Anyway. There is one complaint I do have regarding sweet treats. Particularly, boxes of chocolates.
Today at work my girl Dolores brought in the BIGGEST box of chocolate I have ever seen, like not exaggerating this thing is about 3 feet long and must weigh at least 20 pounds. Like what a #BLESSED day for the sixth floor of the EPA! I went into her office to get a piece and the good people of Whitman’s chocolates were kind enough to include a diagram of which type of chocolate is in each slot. Ya know, instead of biting into one thinking it’s cherry cordial when really it’s coconut and then vomiting on the floor of Dolores’s office.
So after much deliberation, I settled for a lovely plain chocolate truffle. So simple. I bit into half of it realizing the shit inside was A LIGHT BROWN not the correct color of a chocolate truffle. After several seconds of chewing I realized that this in fact was some sort of maple shit. I have never felt so cheated or offended in my LIFE. I threw the rest of it in the trash. THEN for some reason I decided to go back for more ? The diagram suggested that the circle-y looking one would be a cherry cordial, mmmmm. I bit into it only to discover COCONUT. GROSS.
FOOL ME ONCE, BOX OF CHOCOLATES, SHAME ON YOU. BUT FOOL ME TWICE I BURN WHITMAN’S TO THE GROUND.
I felt bad for already throwing one chocolate away right in front of Dolores so I choked down the rest of the coconut while stifling gags.
I just don’t understand boxes of chocolates. You know what normal people like inside their chocolates??? CARAMEL. PEANUT BUTTER. MORE CHOCOLATE.
Some person must have once thought “Hmmm you know what would make this perfectly good chocolate even better?? Let’s add some weird thick, pink, strawberry flavored shit into the middle of it!

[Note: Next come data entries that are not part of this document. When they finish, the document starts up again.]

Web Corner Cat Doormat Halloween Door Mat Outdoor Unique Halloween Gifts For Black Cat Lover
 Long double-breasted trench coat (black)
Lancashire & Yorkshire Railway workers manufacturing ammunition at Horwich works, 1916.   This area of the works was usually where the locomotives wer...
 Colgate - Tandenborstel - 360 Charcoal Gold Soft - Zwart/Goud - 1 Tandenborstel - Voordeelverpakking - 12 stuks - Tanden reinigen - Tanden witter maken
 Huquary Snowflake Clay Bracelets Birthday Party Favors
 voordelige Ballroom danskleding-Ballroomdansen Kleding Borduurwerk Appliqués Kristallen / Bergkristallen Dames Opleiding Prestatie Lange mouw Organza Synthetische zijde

And some opera cream (LIKE FOR REAL WHAT THE HELL IS THAT) to the rest of them! THEN we will only put 2 caramel-filled ones into this WHOLE 3-foot-long box of chocolate. THENNNNNNNNNNNNN WE ARE NOT GOING TO TELL THEM WHICH ONE IS WHAT!!”
“Life is like a box of chocolates, you never know what you’re going to get!” Oh okay so you’re telling me life is a horrible surprise?
Whoever invented boxes of chocolates is a sick bastard.